# Marinelli's meet and greet



## hodgesc-DVM (Aug 29, 2003)

Made it to the meet and greet but had to leave without meeting or greeting anyone. I had my 9mo old son with me and got some very strange looks when I came into the bar with him in a car seat. It was too smokey for him anyway so that was fine that I left. I wish I could have stayed and "thrown some back" with the guys. I hope I get to meet you guys at another meet and greet or on the ice. If we meet at a restraunt that has a non-smoking area for young uns then I'm all in. 
Sorry again I didn't get to meet anyone; kinda poor planning on my part.

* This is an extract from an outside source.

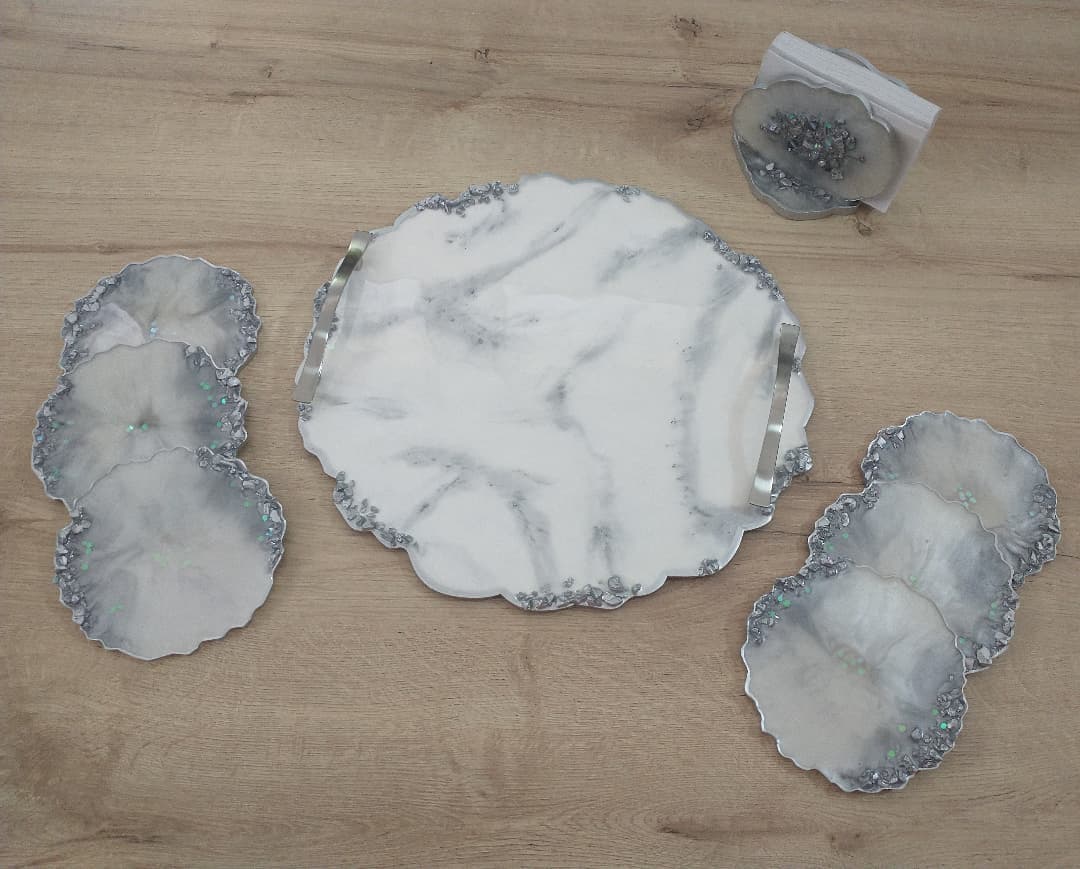 Table Runner — Marble Silver - View 12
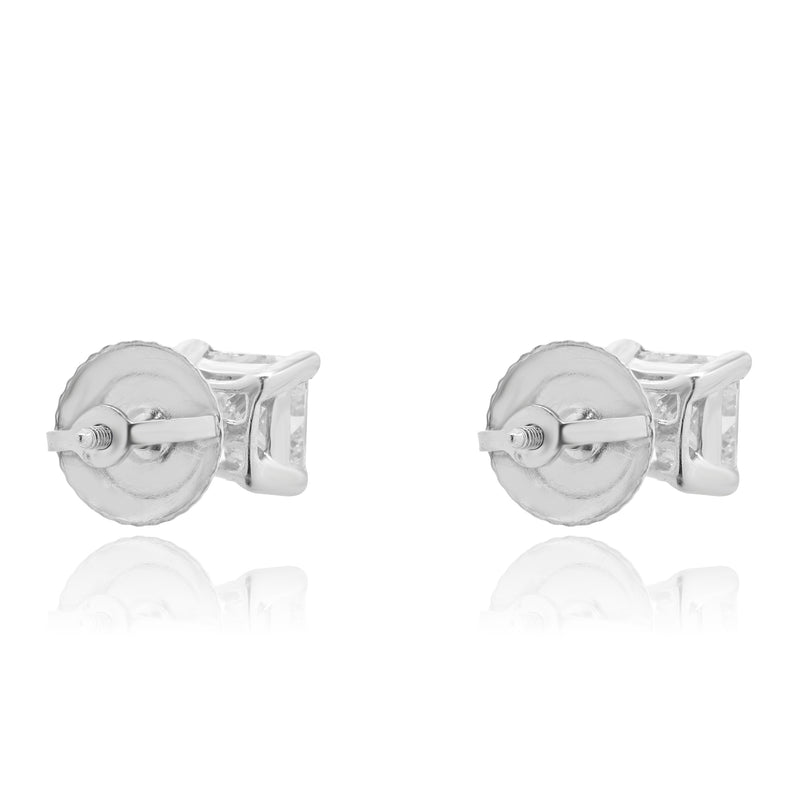 14 Karat White Gold Princess Cut Diamond Stud Earrings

Hope to meet some guys soon
Steven
(hodgesc-DVM) :gaga:


----------



## mallardtone-man (Nov 20, 2002)

Sorry you had to duck out so quick. I hope you can make it to the next one, and maybe find some time to enjoy yourself. I too had to leave early because of work.


----------



## Connor4501 (Dec 15, 2003)

Regrettably, couldn't make it...The phone finally rang and I finally got the part-time job I'd been looking for...


----------



## eyecatcher (Feb 2, 2004)

My boss made me work until 8:30 last night the SOB. oh maybe I shouldn't say that I work for my self :lol:. Any way maybe I can make the next one or maybe one on the ice. hope to meet more of ya on the ice.I met some guys last year. I'm going to invest in a radio this season so I can be in contact with more members. all I met so far are really nice people. Think Ice  
May God bless you all.

Merry Christmas and Happy New Year to all.
Bill


----------



## MUSHY1 (Mar 16, 2004)

Hey Hodgesc, I saw you come in and then you where gone. I know what it like to have chitlins, at least you made a honest effort. Maybe next time...

Mushy1


----------



## hodgesc-DVM (Aug 29, 2003)

Since I haven't met but a couple of you guys and noone in my area (Ferndale), let's be sure and get an outing planned for LSC as soon as we have safe ice. I really want to get to know some of the guys form the sight. Heck, I feel like I know you from reading posts but need to put a face with the posts.

Til we meet again
Steven
Hodgesc-DVM


----------